Der vorliegende Band enthält ein Großinterview, geführt von Stefan Müller-Doohm, emeritierter Professor für Soziologie an der Carl von Ossietzky Universität Oldenburg, und Roman Yos, Wissenschaftlicher Mitarbeiter in der Fachgruppe Philosophie an der Bergischen Universität Wuppertal. Beide sind ausgewiesene Habermas-Kenner. Die Besonderheit seines Werkes bestehe darin, so die Einleitung zu einer der Fragen an Habermas, dass er die positiven wie negativen Einflüsse auf sein Werk „nicht nur ordnungsgemäß in Fußnoten“ verzeichne, „sondern geradezu offensiv sichtbar“ mache, „nämlich in einer Vielzahl von Würdigungen, Nachrufen und Portraits“. Habermas habe ein „Subgenre“ des Schreibens entwickelt, dem er bis heute die „Treue“ halte (187). Das Interview mit Habermas beruht auf zwei Treffen am Starnberger See sowie auf einem über viele Monate geführten Mail-Dialog. Die Interviewer vereinbarten mit Habermas, „dass die an ihn gerichteten Fragen sowohl biographische Kontexte berühren als auch „Platz für theoretische Erörterungen und Revisionen einräumen sollten“ (246).
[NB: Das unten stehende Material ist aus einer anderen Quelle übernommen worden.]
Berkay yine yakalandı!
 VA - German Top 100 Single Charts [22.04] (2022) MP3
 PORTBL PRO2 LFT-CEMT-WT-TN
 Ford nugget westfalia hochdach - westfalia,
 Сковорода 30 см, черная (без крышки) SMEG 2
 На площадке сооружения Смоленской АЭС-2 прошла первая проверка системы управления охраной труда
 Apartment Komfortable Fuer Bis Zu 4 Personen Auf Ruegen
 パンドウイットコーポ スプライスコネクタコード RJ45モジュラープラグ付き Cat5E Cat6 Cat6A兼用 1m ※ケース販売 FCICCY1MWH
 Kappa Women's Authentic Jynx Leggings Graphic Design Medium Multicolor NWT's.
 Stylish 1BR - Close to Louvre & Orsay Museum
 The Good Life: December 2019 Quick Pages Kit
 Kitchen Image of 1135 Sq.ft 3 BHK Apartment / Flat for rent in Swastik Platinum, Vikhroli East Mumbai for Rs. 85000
Die Gliederung des Gesprächsbands folgt der Biographie. Es geht um die Stationen Göttingen, Bonn, Frankfurt, Marburg, Heidelberg, erneut Frankfurt, Starnberg und schließlich noch einmal Frankfurt. Thematisiert werden unter anderem die erste Orientierungssuche zwischen Soziologie und Philosophie, die Begegnung und konstruktive Verarbeitung der Kritischen Theorie, der Weg von der „Positivismuskritik“ zur „Kritik der funktionalistischen Vernunft“, vom „nachmetaphysischen Denken“ zur „detranszendentalisierten Vernunft“ und schließlich sein jüngstes Großwerk „Auch eine Geschichte der Philosophie“. „Immer wieder wird deutlich“, so verrät der Einbandtext des Verlags, worum es diesem Philosophen im Kern geht: um „die Begründung des Quäntchens Vernunftvertrauen und der Pflicht zum Gebrauch unserer Vernunft“.

Diese Begründung hängt für Habermas eng mit dem Verhältnis von Soziologie und Philosophie zusammen. „Mich bewegt das Problem, wie ein fragiles und bisher immer wieder zerreißendes soziales Zusammenleben gelingen kann … Mein ‚letztes’ Motiv ist, wenn Sie wollen, die befreiende Kraft des Wortes, die sich nur in den reziprok-egalitären Anerkennungsverhältnissen einer vollständig individuierenden Vergesellschaftung ganz entfalten könnte“ (15 f.). Habermas spricht von einer „Balance“ zwischen „Nähe und Ferne“, „Ja und Nein“, „Zustimmung und Widerspruch“, von „kommunikativen Erfahrungen“, wie sie nur in „sozial halbwegs integrierten Verhältnissen“ möglich seien (16). In Anknüpfung an Kant, Fichte, Schelling und Hegel begleite sein ganzes Werk das Ziel, „eine religiöse Intuition restlos ins Säkulare zu überführen“ (16). Und auf dem Buchcover lesen wir: „Ich halte das Streben, die Welt um ein Winziges besser zu machen oder auch nur dazu beizutragen, die stets drohende Regression aufzuhalten, für ein ganz unverächtliches Motiv.“

Ein Buch, das nicht nur als Einführung in den „Habermas-Kosmos“, sondern auch für fortgeschrittene Habermas-Leser empfohlen werden kann. Das Namensregister erleichtert die Orientierung. Ein Stichwortregister sowie eine Übersicht über Stationen und Wirkstätten sucht der Leser freilich vergeblich.